Kanban Boards 101: Make the Work Visible, Limit Work in Progress
A beginner's guide to Kanban. Learn the five ingredients (columns, cards, WIP limits, flow, explicit policies), how to read a board in ten seconds, the three common variations (swimlanes, expedite lane, classes of service), when to use Kanban vs. Scrum, and the five mistakes every first board makes. Walk through a complete team board in Mermaid.
Palakorn V.
Product Lead
What Is a Kanban Board?
A Kanban board is a picture of work. You split the picture into columns — one column per stage a piece of work can be in — and you put every task on a card that moves across those columns as it progresses. At the end of the day anyone can look at the board and, without reading a word of status update, see: what's queued, what's being worked on, what's stuck, and what's done. That transparency is the whole point.
Here is the simplest possible board — three columns, a handful of cards:
The word kanban is Japanese for "signboard" or "billboard". The system was invented inside Toyota in the late 1940s to keep the manufacturing line from building up inventory of half-finished parts. A team would only build the next component when a downstream station asked for one, by passing back a kanban card. The idea travelled from factory floor to software team in the late 2000s, kept the name, and became the most-used work-visualization method of the last twenty years.
The modern software Kanban board keeps the same spirit: make the work visible, limit work in progress, and let the columns pull work through. This post teaches you to read and draw one, the rules that separate a useful board from a dashboard nobody checks, and the three variations you will encounter in real teams.
Why Kanban Works
Three properties make Kanban hard to beat for day-to-day team work.
First: the board is the status report. No standup slide deck, no weekly email, no "quick sync about the quarter". Anyone who wants to know what the team is doing opens the board and reads. A manager who walks past sees instantly whether the team is spread thin (lots of cards in In Progress) or blocked (cards piling up at one column's edge). The board is the conversation — everything else is footnotes.
Second: it surfaces bottlenecks. Watch any Kanban board for a week and the column that's always full becomes obvious. Cards stack up there because some downstream constraint isn't keeping up — maybe QA has one person, maybe design reviews take three days, maybe deploys require approval from someone on vacation. The board doesn't solve the bottleneck, but it makes the bottleneck impossible to ignore. That alone is often enough to fix it.
Third: it gives permission to say no. If the team has a rule "no more than three cards In Progress", and there are already three cards In Progress, starting a fourth is visibly wrong. Anyone can say "we can't take this on right now, look at the board" and everyone understands why. Without that rule you end up with eleven things started and three things finished — the classic anti-pattern of an overcommitted team.

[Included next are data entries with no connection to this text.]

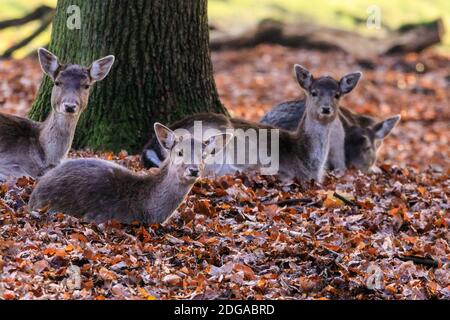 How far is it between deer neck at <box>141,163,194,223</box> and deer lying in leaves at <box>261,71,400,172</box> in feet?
13.1

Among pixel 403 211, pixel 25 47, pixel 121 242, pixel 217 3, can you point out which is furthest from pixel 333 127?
pixel 217 3

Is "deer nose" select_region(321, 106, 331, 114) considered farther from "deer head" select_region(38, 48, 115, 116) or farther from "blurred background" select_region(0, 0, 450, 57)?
"blurred background" select_region(0, 0, 450, 57)

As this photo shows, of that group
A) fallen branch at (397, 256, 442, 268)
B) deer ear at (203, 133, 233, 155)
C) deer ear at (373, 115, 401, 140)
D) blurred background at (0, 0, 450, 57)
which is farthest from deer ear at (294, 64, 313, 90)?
blurred background at (0, 0, 450, 57)

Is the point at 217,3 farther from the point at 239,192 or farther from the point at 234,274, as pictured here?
the point at 234,274

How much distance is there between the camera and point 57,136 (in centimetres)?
900

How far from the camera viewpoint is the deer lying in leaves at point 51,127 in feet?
28.6

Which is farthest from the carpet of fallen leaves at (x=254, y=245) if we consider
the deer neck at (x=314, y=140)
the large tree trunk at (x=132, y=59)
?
the large tree trunk at (x=132, y=59)

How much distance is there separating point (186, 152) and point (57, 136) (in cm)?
188

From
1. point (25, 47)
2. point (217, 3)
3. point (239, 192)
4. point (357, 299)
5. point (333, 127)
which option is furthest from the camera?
point (217, 3)

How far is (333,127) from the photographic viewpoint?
11.6 m

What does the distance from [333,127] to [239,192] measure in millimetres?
3137

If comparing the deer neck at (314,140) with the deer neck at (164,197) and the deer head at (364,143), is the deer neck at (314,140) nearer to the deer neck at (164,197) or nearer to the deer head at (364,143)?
the deer head at (364,143)

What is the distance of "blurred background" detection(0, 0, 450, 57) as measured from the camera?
19.9m

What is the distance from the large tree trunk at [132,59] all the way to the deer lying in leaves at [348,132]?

The Anatomy of a Kanban Board
Five ingredients make a Kanban board. Any board you encounter, however elaborate, is just these five concepts in combination.
Columns (stages)
Each column represents a stage of work. The minimum is three: "Todo", "In Progress", "Done". Most real teams add at least one: "In Review", "Blocked", "Deployed", or similar. The columns should match the team's actual workflow — don't invent stages that don't exist in practice, and don't merge stages that do exist just to simplify the board. If your work really goes through design review before engineering, add a "Design Review" column.
Cards (tasks)
Each card is one piece of work. The golden rule: a card should be something you can move from one column to the next in a single action. If a card is "Redo the whole onboarding flow", that's a project, not a card — break it up. If a card is "Rename a variable", that's too small — most teams fold tiny tasks into the PR of a larger card. A good working size is "half a day to three days" — a chunk of work one person can own, finish, and demo.
A card typically shows: the title, the owner (avatar or initials), and sometimes a priority marker, a due date, or an estimate. Keep the card small: if it needs a paragraph of explanation to understand, that explanation goes in a linked ticket, not on the board.
WIP limits
A Work-In-Progress limit is a number written at the top of a column: "no more than 2 cards here at any time". This is the rule that distinguishes Kanban from a simple to-do list. Without WIP limits, teams naturally accumulate dozens of half-started cards and finish nothing; with WIP limits, starting a new card requires finishing (or explicitly parking) an existing one.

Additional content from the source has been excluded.